Die meisten Erfindungen basieren auf bestehendem Wissen. Dieses Wissen, im Patentrecht auch „Stand der Technik“ genannt,  steht immer breiteren Kreisen zur Verfügung und geht mit einem steigenden Anteil von Parallelerfindungen einher, d.h. mehrere Erfinder bzw. Erfindergruppen gelangen unabhängig voneinander ausgehend vom verfügbarem Wissen bzw. Stand der Technik zu Erfindungen, die sich teilweise überlappen können. Die Patentanmelder erfahren häufig erst im Patenterteilungsverfahren von dem ihrer Erfindung zum Teil entgegenstehenden Stand der Technik und versuchen dann durch geschickte Formulierung des Patenanspruchs wenigstens den nicht überlappenden „Rest“ der Erfindung zu schützen.
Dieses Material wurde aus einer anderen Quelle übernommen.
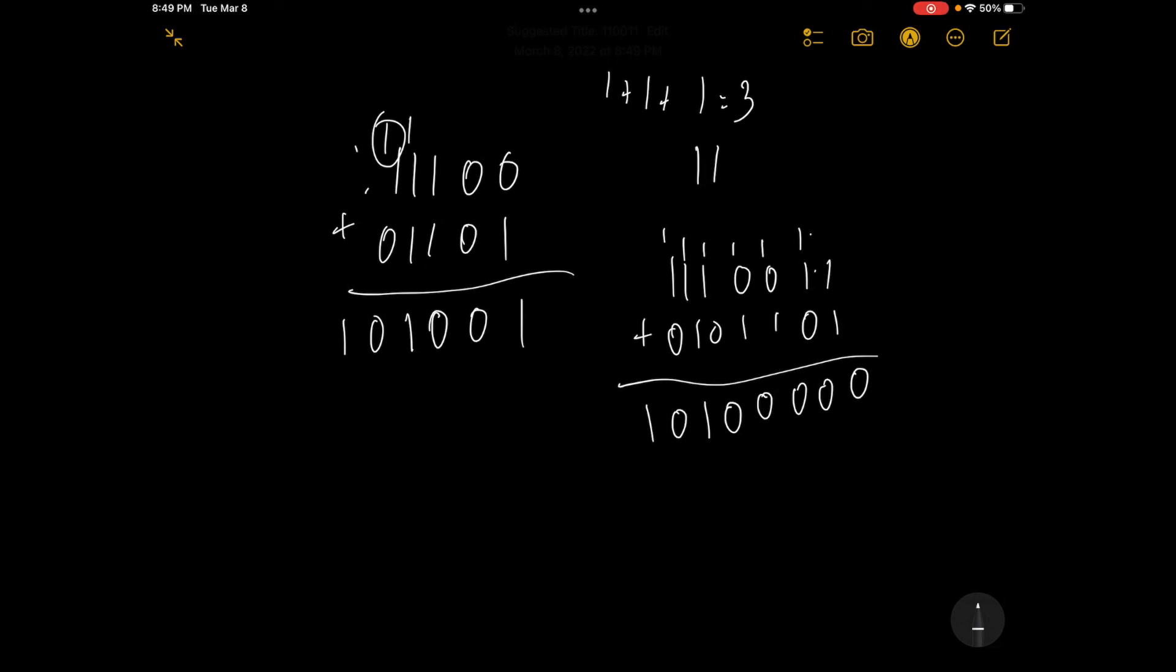So this is just a quick sort of demonstration on how to add up binary numbers. I hope this was useful to you. Have a nice day.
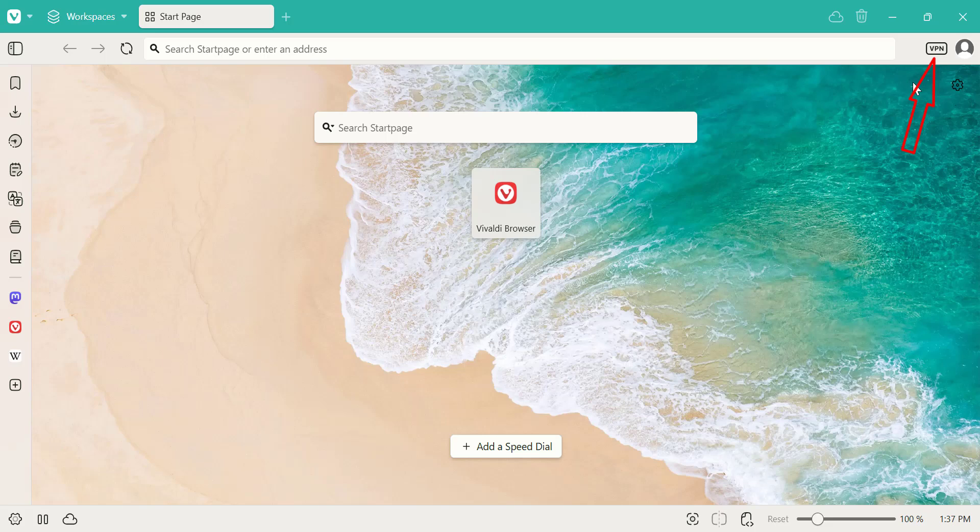Enabling Proton VPN in Vivaldi is fast and straightforward. Enjoy safer browsing with just a few clicks. Thanks for watching and don't forget to subscribe for more helpful guides.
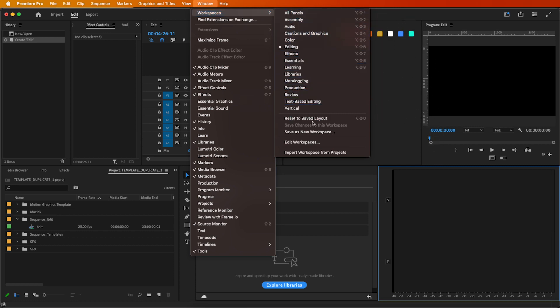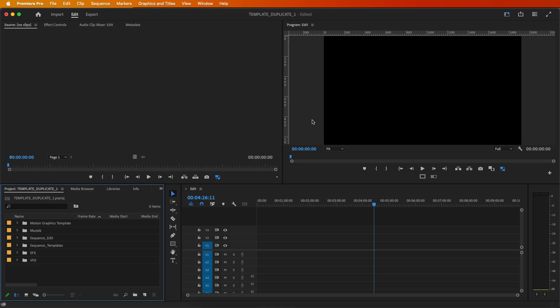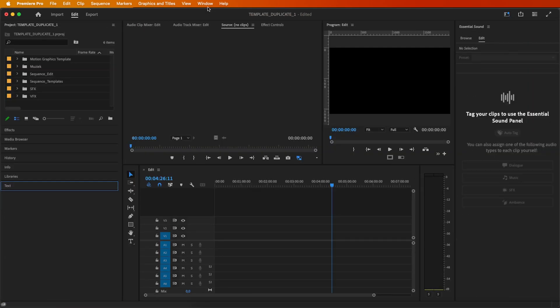Like magic, your workspace is back to normal. You can do this in every workspace you need to reset.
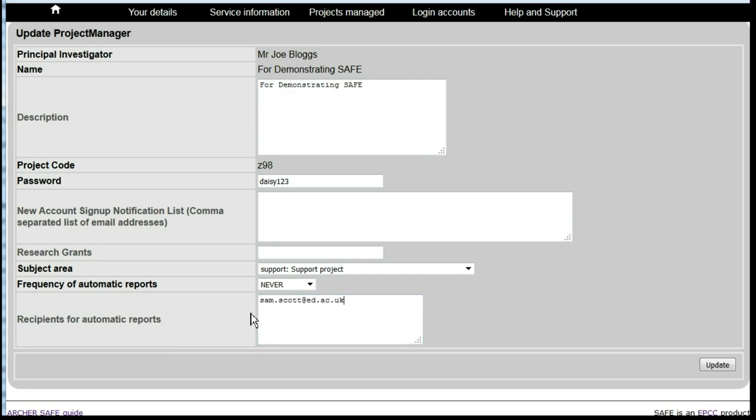The frequency at which you will receive the automatic reports is selected from the drop-down list.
Dies geschieht machmal durch das Einfügen eines „negativen“ technischen Merkmals in den Patentanspruch, einen so genannten „Disclaimer“, womit der aus dem Stand der Technik bekannte überlappende Bereich ausgeschlossen werden kann.

Beispiel:

Patentanspruch: „Verwendung von Alkohol als Konservierungsmittel für….“

Stand der Technik: Ethanol wird als entsprechendes Konservierungsmittel verwendet.
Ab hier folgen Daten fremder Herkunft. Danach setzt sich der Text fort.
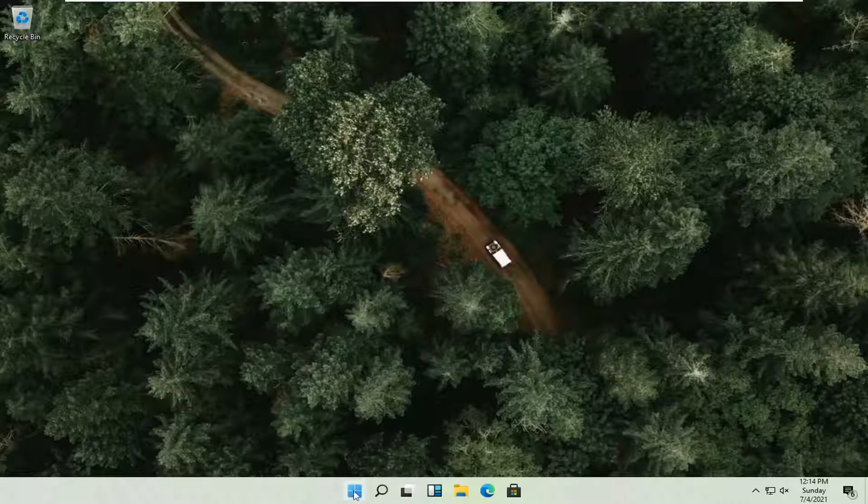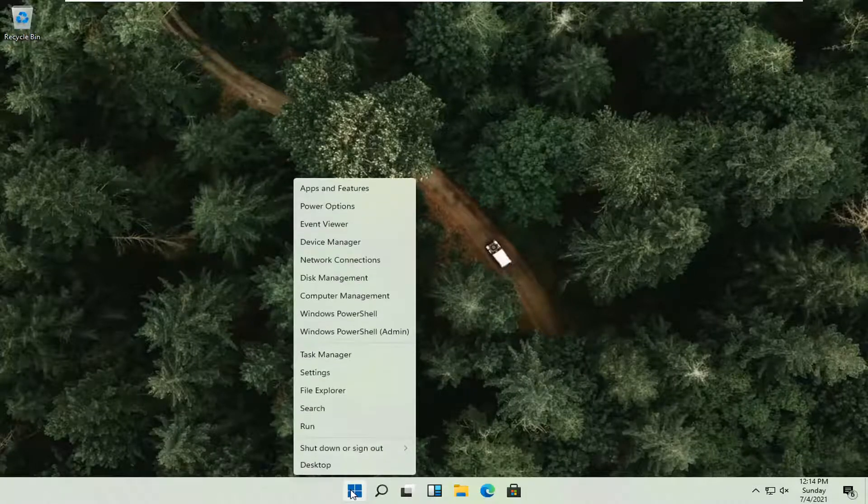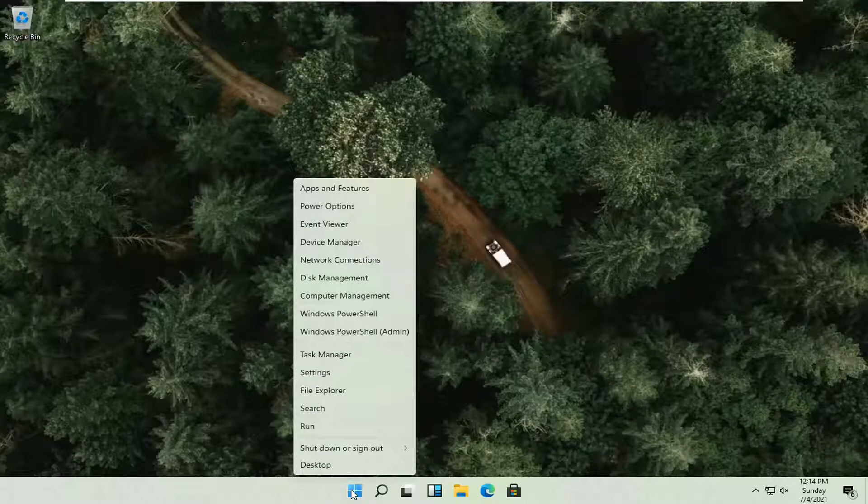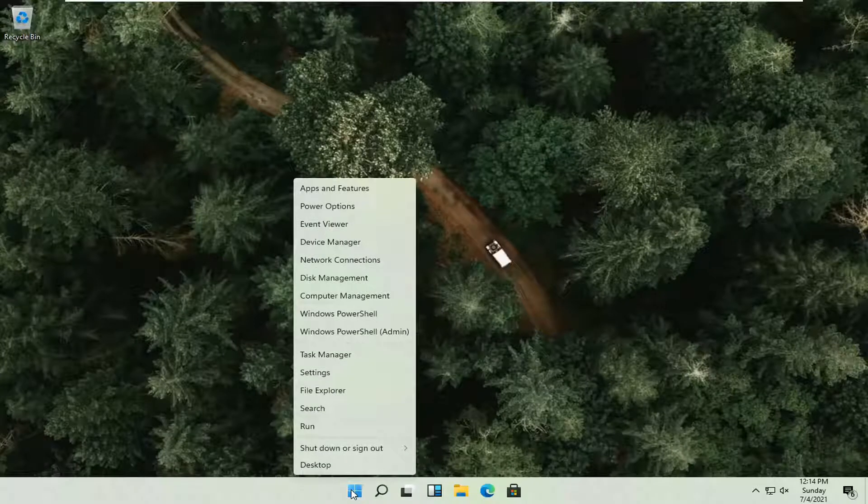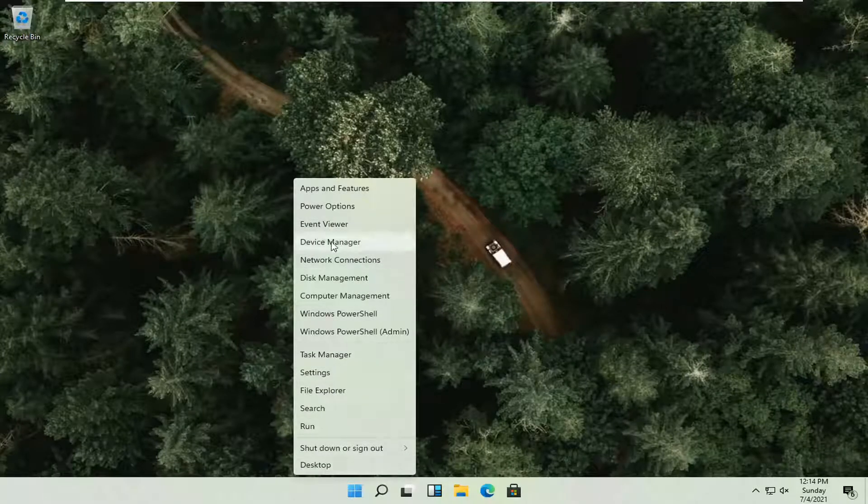First thing you could try would be to actually right click on the Windows Start button. And then select where it says Device Manager. And just go ahead and open that up.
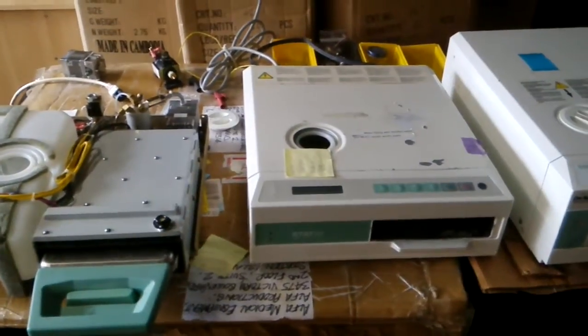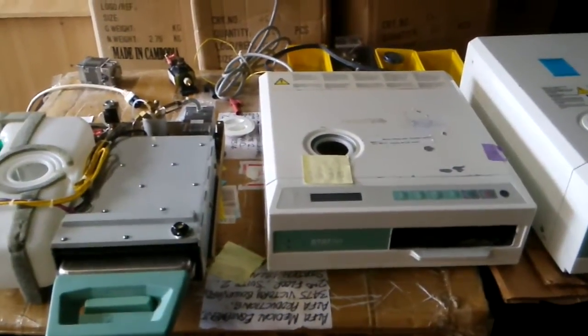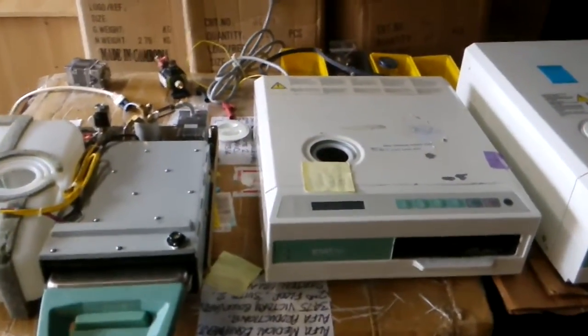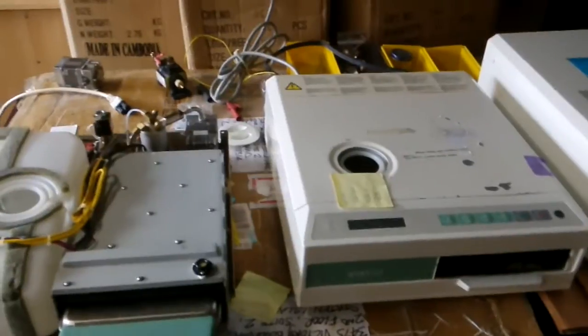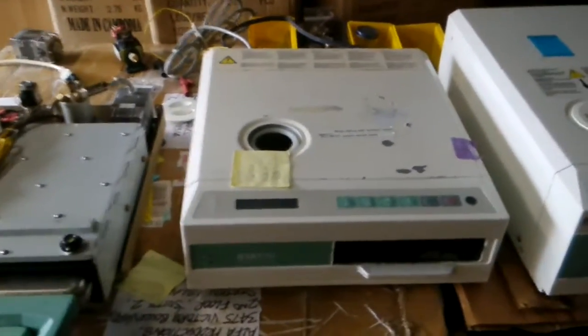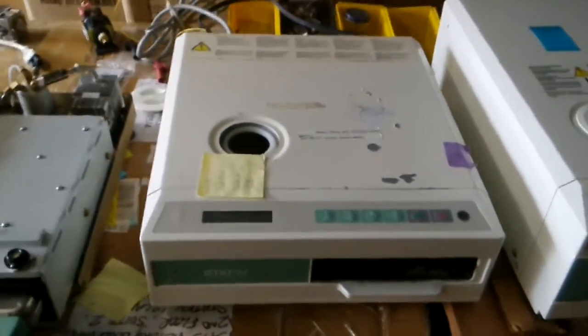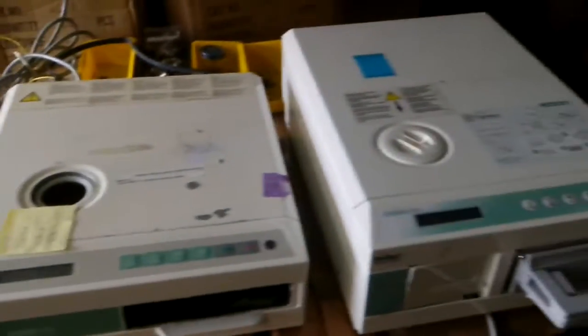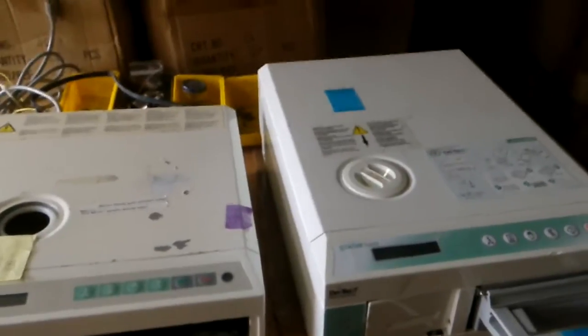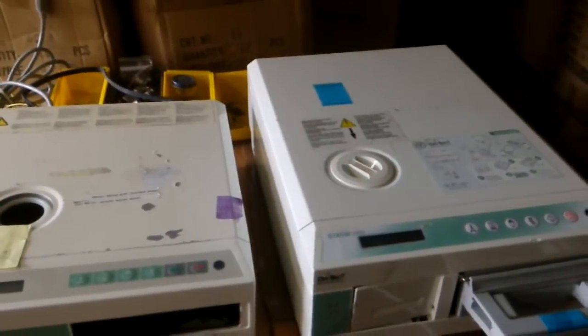Today we will show you how to repair Statin sterilizers: Statin 2000 and Statin 5000. Statin 2000 is a little bit smaller, while Statin 5000 is bigger and comes with a printer in the front side.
Geänderter Anspruch mit Disclaimer: „Verwendung von Alkohol, wobei der Alkohol kein Ethanol ist, als Konservierungsmittel für….“

In der Rechtsprechung des Europäischen Patentamts stellte sich die Frage, ob eine solche Disclaimer-Lösung zulässig ist, wenn der Patentanspruch dadurch einen Gegenstand der Erfindung verliert, der in der Anmeldung als eine Möglichkeit der Ausführung der Erfindung beschrieben war. In der jüngsten Entscheidung G 1/10 der Großen Beschwerdekammer des EPA vom 30. August 2011 wurde diese von der Technischen Beschwerdekammer 3.3.08 in der Sache T 1068/07 vorgelegte Rechtsfrage: „Verstößt ein Disclaimer gegen Artikel 123(2) EPÜ, wenn sein Gegenstand in der ursprünglich eingereichten Fassung der Anmeldung als Ausführungsform der Erfindung offenbart war?“ mit einem klaren NEIN beantwortet. Änderungen von Patentansprüchen mittels Disclaimer von offenbarten Ausführungsformen der Erfindung („offenbarte Disclaimer“) sind also weiterhin möglich.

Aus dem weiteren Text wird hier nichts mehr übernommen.